ただし、この酸味を「すっぱい」と感じる人もいるため、苦味派の人には向きません。
アジア(インドネシア・ベトナム・インドなど)
重厚でどっしりした苦味とコクがあります。マンデリン(インドネシア)はハーブのようなスパイシーさと深い苦味があり、深煎りとの相性が抜群です。
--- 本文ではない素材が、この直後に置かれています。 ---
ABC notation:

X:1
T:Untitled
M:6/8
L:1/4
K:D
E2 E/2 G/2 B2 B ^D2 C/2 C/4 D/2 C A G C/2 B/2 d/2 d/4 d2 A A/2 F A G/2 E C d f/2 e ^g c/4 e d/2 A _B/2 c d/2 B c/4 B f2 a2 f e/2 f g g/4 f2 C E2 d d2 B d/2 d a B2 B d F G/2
実は、多くの初心者が見落としているのは「同じ産地でも農園や精製方法で味が変わる」という点です。ただし、最初からそこまで気にする必要はありません。まずは国単位で「この国の豆は好み」という感覚をつかむことが大切です。
鮮度の見分け方 焙煎日が書いてあるか
豆の鮮度はコーヒーの味を左右する隠れた重要要素です。
焙煎後の豆は時間とともに酸化し、香りが飛んで風味が平坦になります。一般的に焙煎から2週間〜1ヶ月が飲み頃とされ、2ヶ月を過ぎると明らかに劣化します。
ここでチェックすべきは、パッケージに「焙煎日」が記載されているかどうかです。
スーパーの量販品には賞味期限だけで焙煎日が書かれていないものが多く、これでは鮮度が判断できません。一方、自家焙煎店やスペシャルティコーヒー専門店の豆には必ず焙煎日が明記されています。
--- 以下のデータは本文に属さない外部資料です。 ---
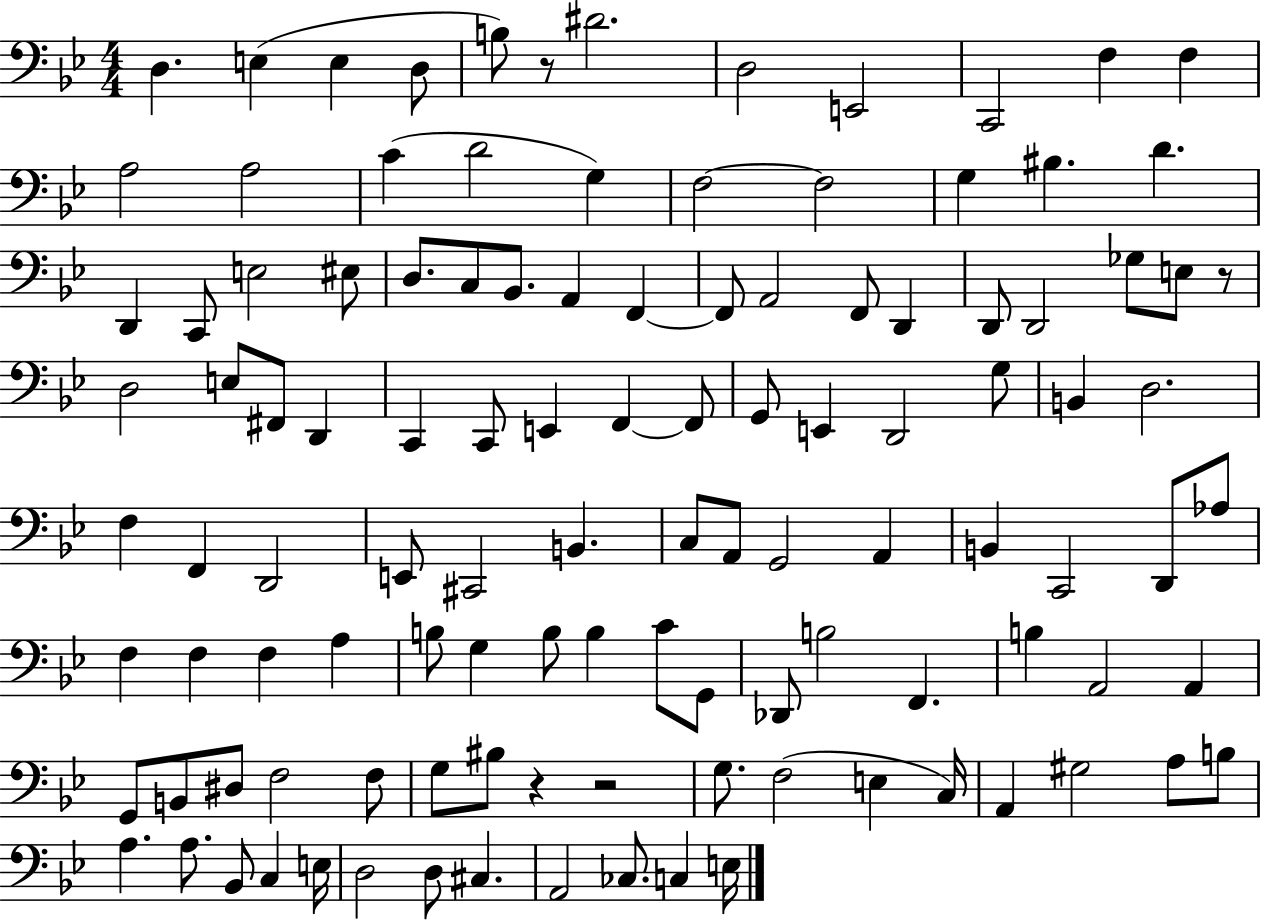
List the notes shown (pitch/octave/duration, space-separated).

D3/q. E3/q E3/q D3/e B3/e R/e D#4/h. D3/h E2/h C2/h F3/q F3/q A3/h A3/h C4/q D4/h G3/q F3/h F3/h G3/q BIS3/q. D4/q. D2/q C2/e E3/h EIS3/e D3/e. C3/e Bb2/e. A2/q F2/q F2/e A2/h F2/e D2/q D2/e D2/h Gb3/e E3/e R/e D3/h E3/e F#2/e D2/q C2/q C2/e E2/q F2/q F2/e G2/e E2/q D2/h G3/e B2/q D3/h. F3/q F2/q D2/h E2/e C#2/h B2/q. C3/e A2/e G2/h A2/q B2/q C2/h D2/e Ab3/e F3/q F3/q F3/q A3/q B3/e G3/q B3/e B3/q C4/e G2/e Db2/e B3/h F2/q. B3/q A2/h A2/q G2/e B2/e D#3/e F3/h F3/e G3/e BIS3/e R/q R/h G3/e. F3/h E3/q C3/s A2/q G#3/h A3/e B3/e A3/q. A3/e. Bb2/e C3/q E3/s D3/h D3/e C#3/q. A2/h CES3/e. C3/q E3/s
もし焙煎日が分からない豆しか手に入らない場合は、なるべく小さいパッケージを選び、開封後は密閉容器で冷暗所に保存しましょう。冷蔵庫や冷凍庫での保存も可能ですが、取り出す際に結露しないよう常温に戻してから開封する必要があります。
豆のまま買うか粉で買うか 淹れ方で決める
初心者がよく迷うのが、豆のままか挽いた粉かという選択です。
結論から言えば、ミルを持っているなら豆、持っていないなら粉で問題ありません。
豆のままの方が酸化が遅く、香りが長持ちします。挽いた瞬間に表面積が増えて香りが一気に広がる反面、劣化も早まります。粉で保存すると1週間ほどで風味が落ちてきます。
ただし、最初から高価なミルを買う必要はありません。手動のセラミック刃ミル(2,000〜3,000円程度)でも十分です。
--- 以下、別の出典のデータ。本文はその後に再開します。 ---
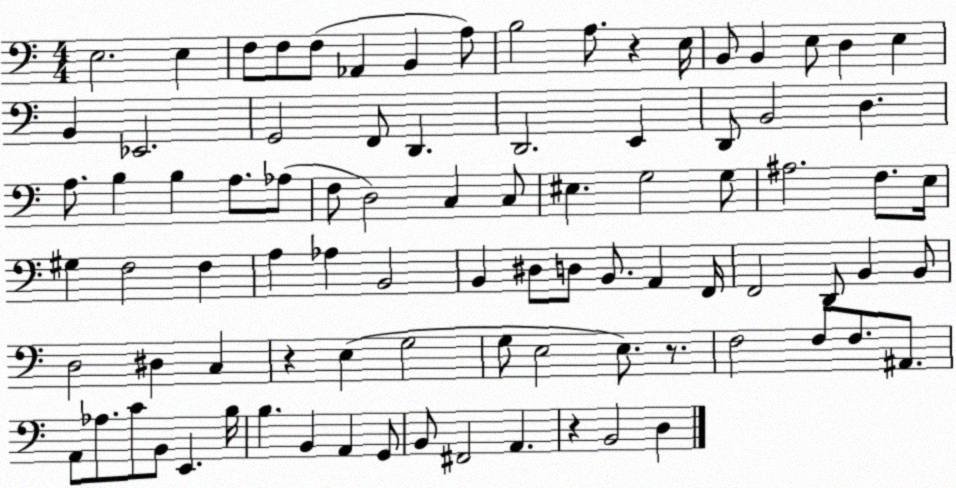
X:1
T:Untitled
M:4/4
L:1/4
K:C
E,2 E, F,/2 F,/2 F,/2 _A,, B,, A,/2 B,2 A,/2 z E,/4 B,,/2 B,, E,/2 D, E, B,, _E,,2 G,,2 F,,/2 D,, D,,2 E,, D,,/2 B,,2 D, A,/2 B, B, A,/2 _A,/2 F,/2 D,2 C, C,/2 ^E, G,2 G,/2 ^A,2 F,/2 E,/4 ^G, F,2 F, A, _A, B,,2 B,, ^D,/2 D,/2 B,,/2 A,, F,,/4 F,,2 D,,/2 B,, B,,/2 D,2 ^D, C, z E, G,2 G,/2 E,2 E,/2 z/2 F,2 F,/2 F,/2 ^A,,/2 A,,/2 _A,/2 C/2 B,,/2 E,, B,/4 B, B,, A,, G,,/2 B,,/2 ^F,,2 A,, z B,,2 D,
一方、ミルを買う予算がない、または手間をかけたくない場合は、粉で買って早めに飲み切る方が現実的です。お店で挽いてもらう際は、使う器具(ドリッパー、フレンチプレス、マキネッタなど)を伝えると適切な挽き目にしてくれます。
少量ずつ買って試す 100gから始める理由
初心者がやりがちな失敗は、最初から大容量パックを買ってしまうことです。
200gや500gのパックは割安ですが、味の好みが定まっていない段階では冒険になります。口に合わなかった場合、残りを消費するのが苦痛になります。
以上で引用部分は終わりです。